** Opening Extracted data block **
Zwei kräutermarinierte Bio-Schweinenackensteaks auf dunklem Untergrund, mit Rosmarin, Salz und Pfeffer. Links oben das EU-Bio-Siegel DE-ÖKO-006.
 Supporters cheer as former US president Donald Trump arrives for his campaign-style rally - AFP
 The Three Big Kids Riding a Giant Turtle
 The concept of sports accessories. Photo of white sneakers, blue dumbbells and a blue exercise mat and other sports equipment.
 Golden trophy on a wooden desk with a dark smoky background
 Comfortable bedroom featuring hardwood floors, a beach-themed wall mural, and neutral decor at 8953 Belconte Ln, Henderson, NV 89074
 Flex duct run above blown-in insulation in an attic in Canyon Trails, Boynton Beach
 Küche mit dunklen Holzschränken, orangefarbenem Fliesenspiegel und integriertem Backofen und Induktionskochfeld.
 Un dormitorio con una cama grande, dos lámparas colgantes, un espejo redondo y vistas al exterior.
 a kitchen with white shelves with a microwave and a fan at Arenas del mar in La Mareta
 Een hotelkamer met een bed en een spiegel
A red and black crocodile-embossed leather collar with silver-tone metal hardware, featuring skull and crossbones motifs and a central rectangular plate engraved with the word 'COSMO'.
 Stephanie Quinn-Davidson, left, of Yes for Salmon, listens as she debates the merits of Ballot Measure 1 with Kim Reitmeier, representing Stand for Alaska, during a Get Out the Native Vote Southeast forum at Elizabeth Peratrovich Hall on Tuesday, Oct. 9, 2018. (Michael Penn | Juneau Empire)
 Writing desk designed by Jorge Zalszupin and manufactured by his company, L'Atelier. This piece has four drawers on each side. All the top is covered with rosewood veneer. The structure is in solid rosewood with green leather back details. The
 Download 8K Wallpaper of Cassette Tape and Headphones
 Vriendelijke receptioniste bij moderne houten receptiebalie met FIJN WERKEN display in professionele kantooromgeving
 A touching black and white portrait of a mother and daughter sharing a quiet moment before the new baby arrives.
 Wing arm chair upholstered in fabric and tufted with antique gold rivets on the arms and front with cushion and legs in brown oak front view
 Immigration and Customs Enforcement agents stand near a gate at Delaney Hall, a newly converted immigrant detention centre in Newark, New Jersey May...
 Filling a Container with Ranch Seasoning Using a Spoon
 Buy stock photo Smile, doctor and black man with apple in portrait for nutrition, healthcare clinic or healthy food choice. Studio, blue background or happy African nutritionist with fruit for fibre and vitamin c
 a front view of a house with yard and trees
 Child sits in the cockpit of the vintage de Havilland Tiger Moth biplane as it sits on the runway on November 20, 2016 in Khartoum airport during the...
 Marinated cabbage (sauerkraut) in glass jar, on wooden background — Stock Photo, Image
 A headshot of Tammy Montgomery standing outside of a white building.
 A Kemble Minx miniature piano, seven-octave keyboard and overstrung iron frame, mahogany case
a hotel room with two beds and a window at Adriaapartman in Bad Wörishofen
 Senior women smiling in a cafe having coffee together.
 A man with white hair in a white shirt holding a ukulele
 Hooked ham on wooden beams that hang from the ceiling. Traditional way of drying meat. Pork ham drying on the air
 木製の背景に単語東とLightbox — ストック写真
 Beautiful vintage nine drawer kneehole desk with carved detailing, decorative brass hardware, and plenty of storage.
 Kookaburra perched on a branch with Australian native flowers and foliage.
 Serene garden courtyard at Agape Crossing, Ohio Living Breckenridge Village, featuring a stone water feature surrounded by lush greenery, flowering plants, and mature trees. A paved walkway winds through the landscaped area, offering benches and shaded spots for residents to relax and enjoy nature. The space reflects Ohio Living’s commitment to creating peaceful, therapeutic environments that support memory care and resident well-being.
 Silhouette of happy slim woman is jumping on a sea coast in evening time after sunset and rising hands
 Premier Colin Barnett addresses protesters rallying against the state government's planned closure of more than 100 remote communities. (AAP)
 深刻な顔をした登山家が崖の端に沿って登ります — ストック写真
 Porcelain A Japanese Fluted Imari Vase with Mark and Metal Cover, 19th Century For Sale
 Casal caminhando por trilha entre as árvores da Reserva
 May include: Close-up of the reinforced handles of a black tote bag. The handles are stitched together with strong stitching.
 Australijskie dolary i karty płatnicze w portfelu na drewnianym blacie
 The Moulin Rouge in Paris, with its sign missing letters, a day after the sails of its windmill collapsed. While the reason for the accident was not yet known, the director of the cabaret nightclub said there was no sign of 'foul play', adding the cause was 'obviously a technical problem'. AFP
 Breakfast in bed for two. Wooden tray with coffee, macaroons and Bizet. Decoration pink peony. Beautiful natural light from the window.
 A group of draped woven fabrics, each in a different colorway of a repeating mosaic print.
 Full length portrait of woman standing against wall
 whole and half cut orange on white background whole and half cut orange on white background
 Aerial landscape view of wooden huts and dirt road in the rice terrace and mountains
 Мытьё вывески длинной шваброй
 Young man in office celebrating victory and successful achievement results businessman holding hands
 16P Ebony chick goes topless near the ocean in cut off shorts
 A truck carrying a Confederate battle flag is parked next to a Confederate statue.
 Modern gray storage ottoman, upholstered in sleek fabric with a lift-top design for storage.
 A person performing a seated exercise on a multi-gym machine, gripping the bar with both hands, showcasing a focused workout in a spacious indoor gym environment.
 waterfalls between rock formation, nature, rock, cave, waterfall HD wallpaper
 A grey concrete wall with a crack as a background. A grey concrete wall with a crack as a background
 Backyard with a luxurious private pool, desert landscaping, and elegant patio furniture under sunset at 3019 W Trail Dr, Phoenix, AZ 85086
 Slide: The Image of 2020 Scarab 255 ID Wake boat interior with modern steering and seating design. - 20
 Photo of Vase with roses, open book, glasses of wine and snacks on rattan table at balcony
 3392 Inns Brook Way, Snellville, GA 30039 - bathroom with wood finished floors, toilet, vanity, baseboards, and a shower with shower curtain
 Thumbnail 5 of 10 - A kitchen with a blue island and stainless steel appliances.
** Closing Extracted data block **
Work order →
The lines to extract from the data above begin with the line containing "Comfortable bedroom featuring" and end with the line containing "A red and black". Extract them exactly, including both.

Solution →
 Comfortable bedroom featuring hardwood floors, a beach-themed wall mural, and neutral decor at 8953 Belconte Ln, Henderson, NV 89074
 Flex duct run above blown-in insulation in an attic in Canyon Trails, Boynton Beach
 Küche mit dunklen Holzschränken, orangefarbenem Fliesenspiegel und integriertem Backofen und Induktionskochfeld.
 Un dormitorio con una cama grande, dos lámparas colgantes, un espejo redondo y vistas al exterior.
 a kitchen with white shelves with a microwave and a fan at Arenas del mar in La Mareta
 Een hotelkamer met een bed en een spiegel
A red and black crocodile-embossed leather collar with silver-tone metal hardware, featuring skull and crossbones motifs and a central rectangular plate engraved with the word 'COSMO'.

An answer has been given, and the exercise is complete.